Islamic State militants sell oil extracted from regions under their control as analysts warn of an international oil crisis
An oil refinery in the Iraqi city of Kirkuk, now under the control of Kurdish forces (AFP)

Militants associated with the Islamic State (IS) have started selling oil extracted from regions of Iraq where they have seized control from the central government, according to reports out on Tuesday.

“The oil extracted from wells close to Hamrin Mountains and Baiji refinery, is being smuggled to black markets,” Selal Abdul, head official in Tuzhurmatu, in the northern Salahuddin province, told Turkish Anadolu Agency.

Abdul said every day hundreds of tankers are being filled with oil extracted from the Hamrin Mountains, which have been under IS control for a week. IS until recently referred to itself as the Islamic State in Iraq and the Levant (ISIL) but on Sunday announced that it had formed its own state on the territory it had seized and was enacting its vision of recreating an Islamic Caliphate.

 “ISIL militants are selling the oil to anyone available, to get money for their weapons and ammunition,” Abdul said. .

Ali Huseyni, deputy head for Tuzhurmatu district council, said the oil extracted from Hamrin Mountains used to be sold to Iran through the autonomous Kurdish Regional Government.

“However, when the Kurdish side discovered that the oil was being sold by ISIL militants, they stopped transferring the oil. Now the oil is purchased by other sources which is not yet identified,” Huseyni said.

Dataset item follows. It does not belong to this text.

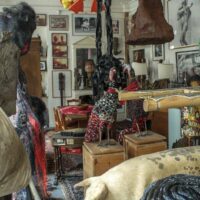 Énormément bizarre : La collection Jean Chatelus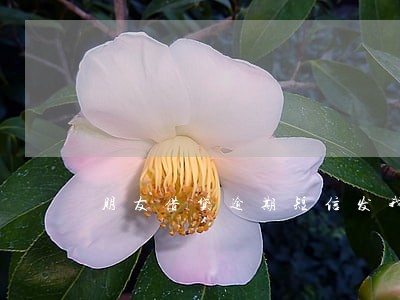 朋友借贷逾期短信发我怎么办 朋友借贷逾期短信发我怎么办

French Foreign Minister Laurent Fabius stated at a press conference on Monday that IS rebels are selling oil captured from fields in Iraq to the government of Syrian President Bashar Al-Assad.  

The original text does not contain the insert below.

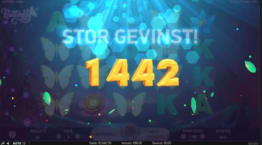 Butterfly Staxx gevinst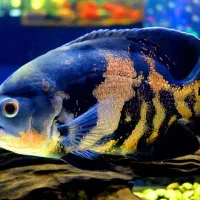 ماهی اسکار و پرت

In Tikrit, in northern Iraq, there have been conflicting reports regarding the control of the Baiji oil refinery which is at the heart of the controversy.

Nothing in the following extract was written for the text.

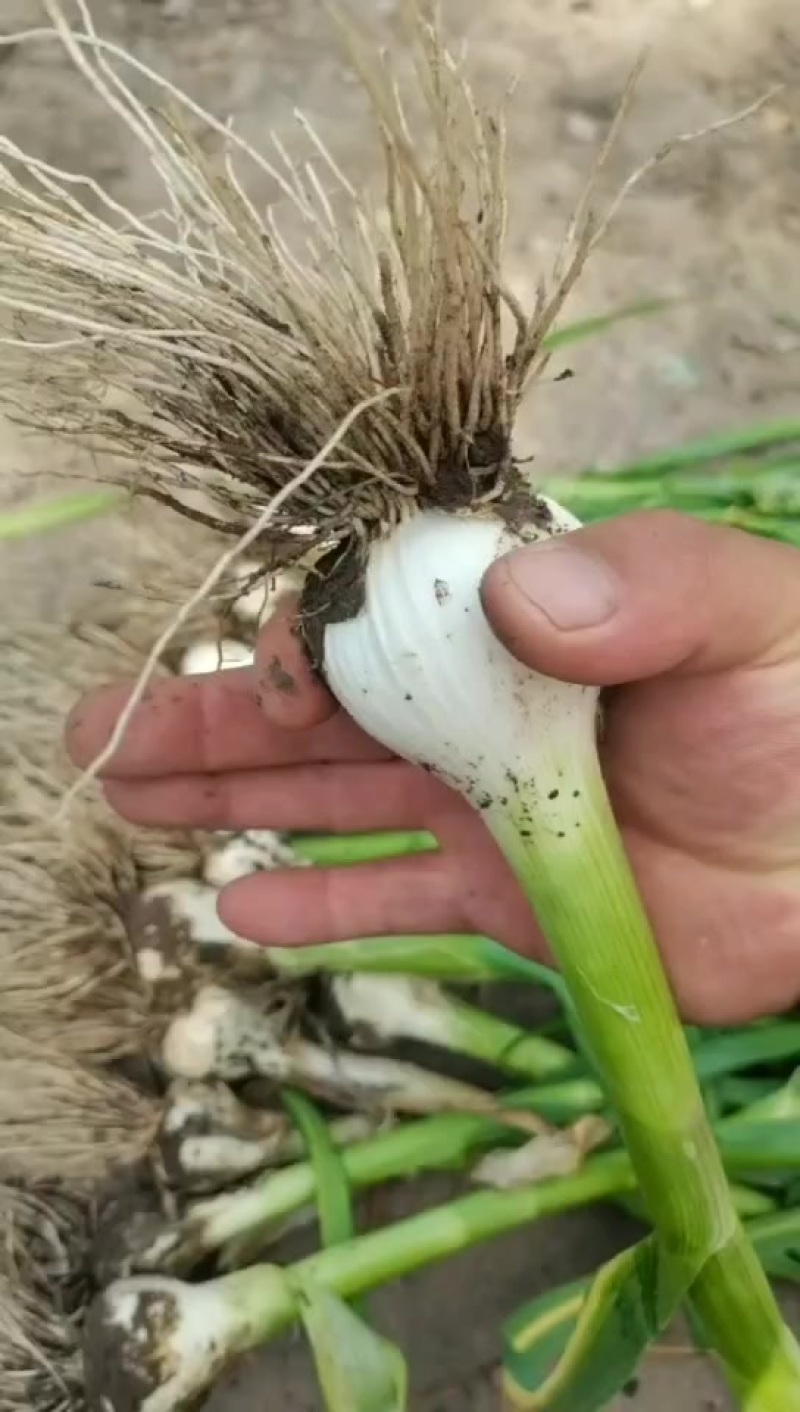 东北青蒜头大量上市中，一手货源质量保证，视频看货对接全国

After a 10-day assault between Iraqi security forces and Sunni fighters, rebels led by the Islamic State claimed on 24 June that they captured Baiji, Iraq’s largest oil refinery and offered Iraqi troops safe passage in exchange for their weapons.

The Iraqi foreign minister, Hoshyar Zebari quickly denied these claims, saying that the Iraqi government was in full control of the site. However, the IS fighters still maintain that they are in control of parts of the site and aim to take over the whole refinery.

If the militant group’s claim are confirmed, the Iraqi government may be facing turbulent times ahead, say analysts.

“Baiji supplies a third of Iraq’s gasoline consumption and provides a tenth of the country’s power demands. If reports regarding Baiji are confirmed, the Iraqi government will have to increase its import of gasoline,” Justin Dargin, energy and Middle East scholar at the University of Oxford, told Middle East Eye.

"The government sells fuel at prices far below those on global markets. If refining in Baiji is halted, Iraq will be forced to import gasoline and diesel fuel at high international prices and distribute them for sale at very low domestic prices, creating a huge loss for the state," Jim Krane, fellow for energy studies at Rice University's Baker Institute, told MEE. 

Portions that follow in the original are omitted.